====== Information given

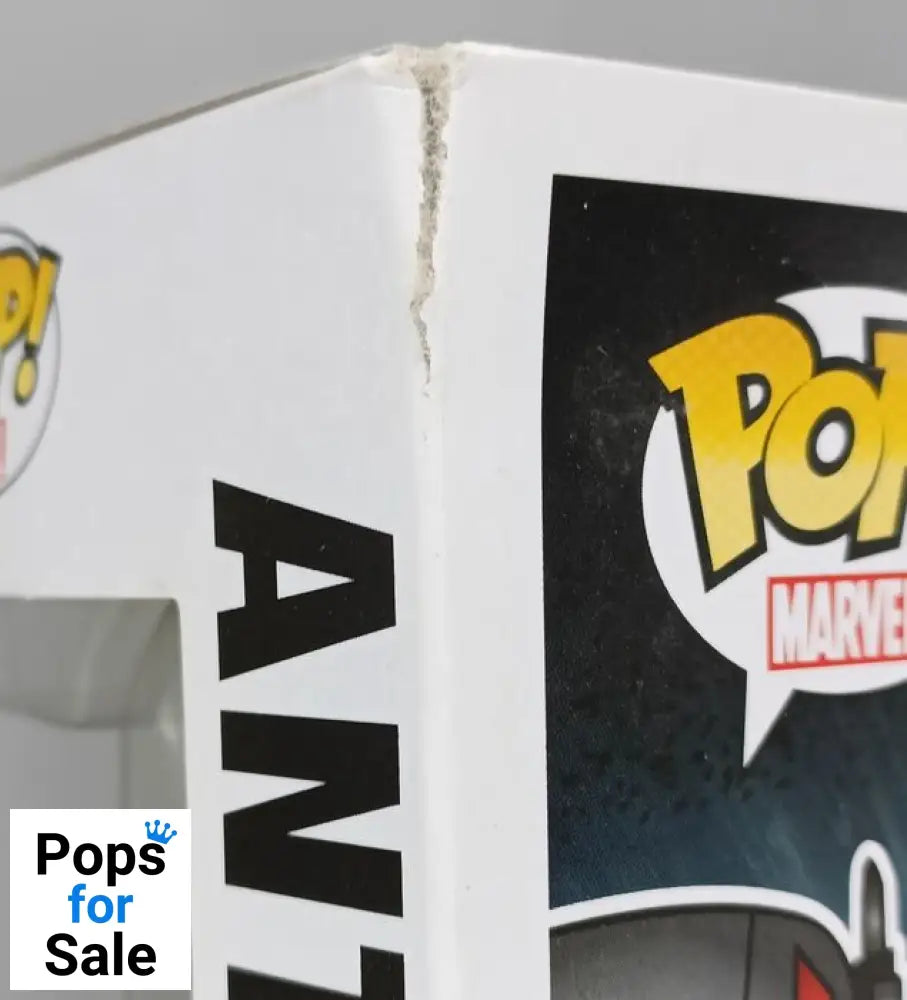 #85 Ant-Man - Glow - Marvel Ant-Man - Box Damaged Funko POP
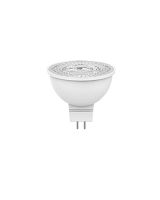 Лампа светодиодная LED STAR MR16 4.2W/830 4.2Вт 3000К тепл. бел. GU5.3 350лм 110 град. 220-240В пластик. (замена 50Вт) OSRAM 4052899981140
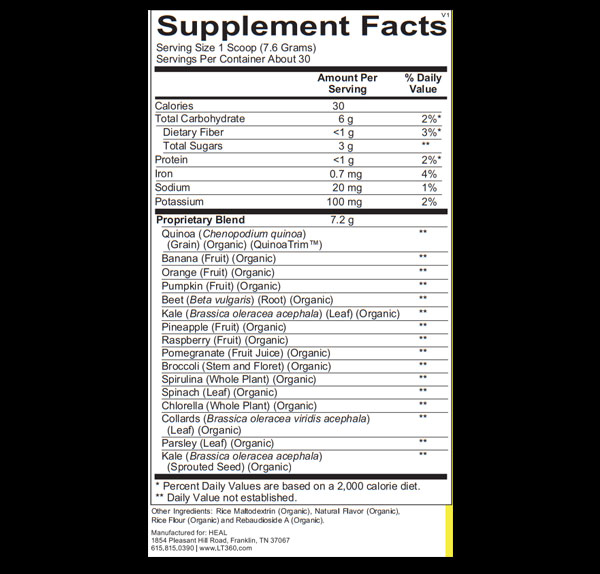 Multi-Nutrition Greens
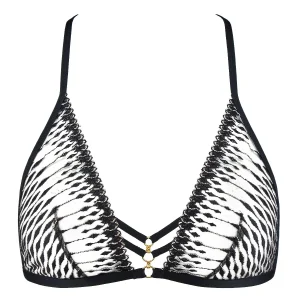 Voodoo Kiss Soutien-gorge Triangle bralette Millenium Black
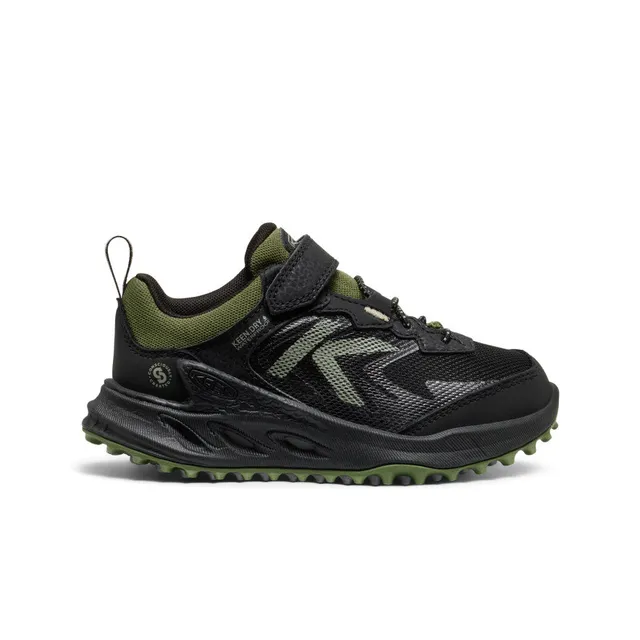 keen-zionic-wasserdichte-wanderschuhe-f-r-kleine-kids-black-bronze-green image 1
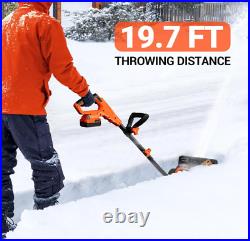 VOLTASK Cordless Snow Shovel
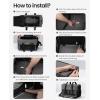 imageAirline Approved Cat Carrier Pet Carrier SoftSided Portable Dog Carrier with Stable Structure Breathable Bag for Pets Less Than 12lbs Cat Carrier Bag for Both Long and Short Trips Dark GrayDark Gray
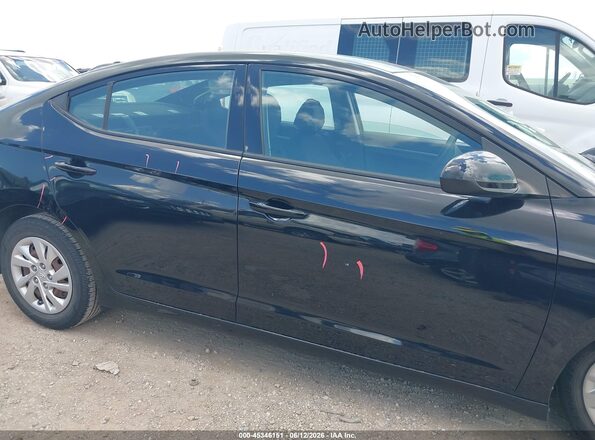 5NPD74LF5KH434117 2019 HYUNDAI ELANTRA Black სალონის 360-გრადუსიანი ხედი
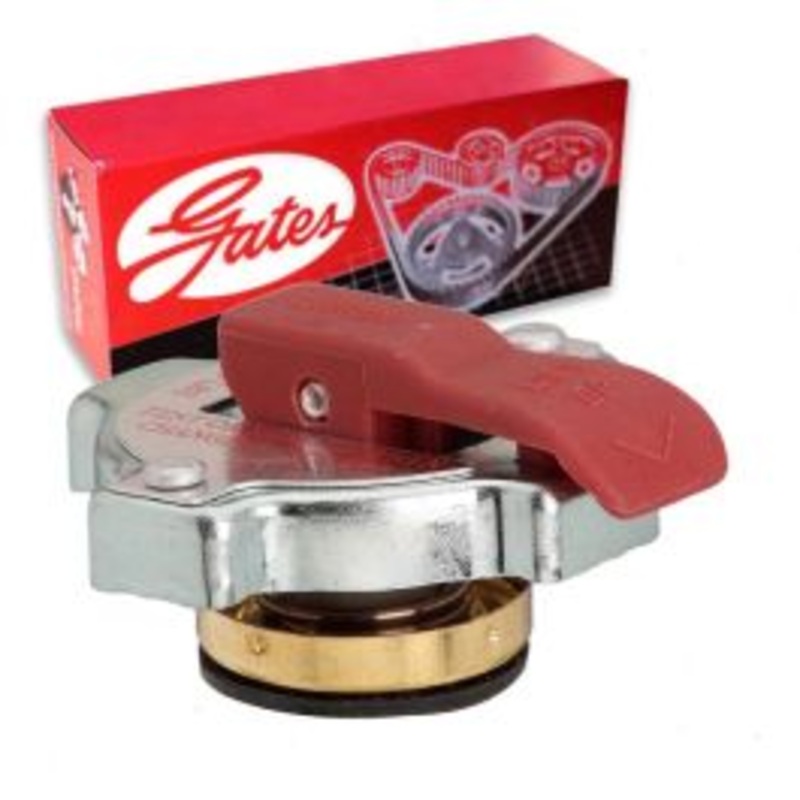 Gates Radiator Cap for 1991-1996 Ford Escort 1.8L 1.9L L4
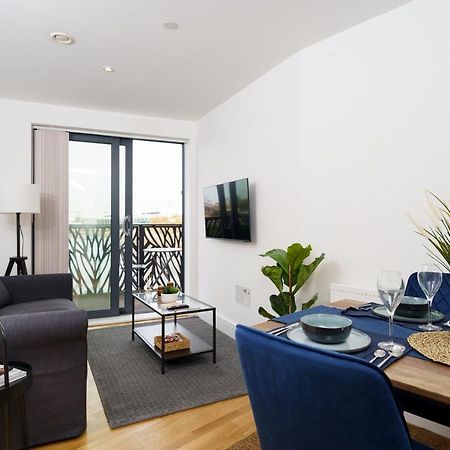 1 Bed Flat Near Canary Wharf, O2 Lägenhet London Exteriör bild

============

◆ What is needed
Give again, word for word, the lines from the one containing "imageAirline Approved Cat" through the last line of the entries, with pictures omitted and nothing added.

◆ Solution to the problem
 imageAirline Approved Cat Carrier Pet Carrier SoftSided Portable Dog Carrier with Stable Structure Breathable Bag for Pets Less Than 12lbs Cat Carrier Bag for Both Long and Short Trips Dark GrayDark Gray
 5NPD74LF5KH434117 2019 HYUNDAI ELANTRA Black სალონის 360-გრადუსიანი ხედი
 Gates Radiator Cap for 1991-1996 Ford Escort 1.8L 1.9L L4
 1 Bed Flat Near Canary Wharf, O2 Lägenhet London Exteriör bild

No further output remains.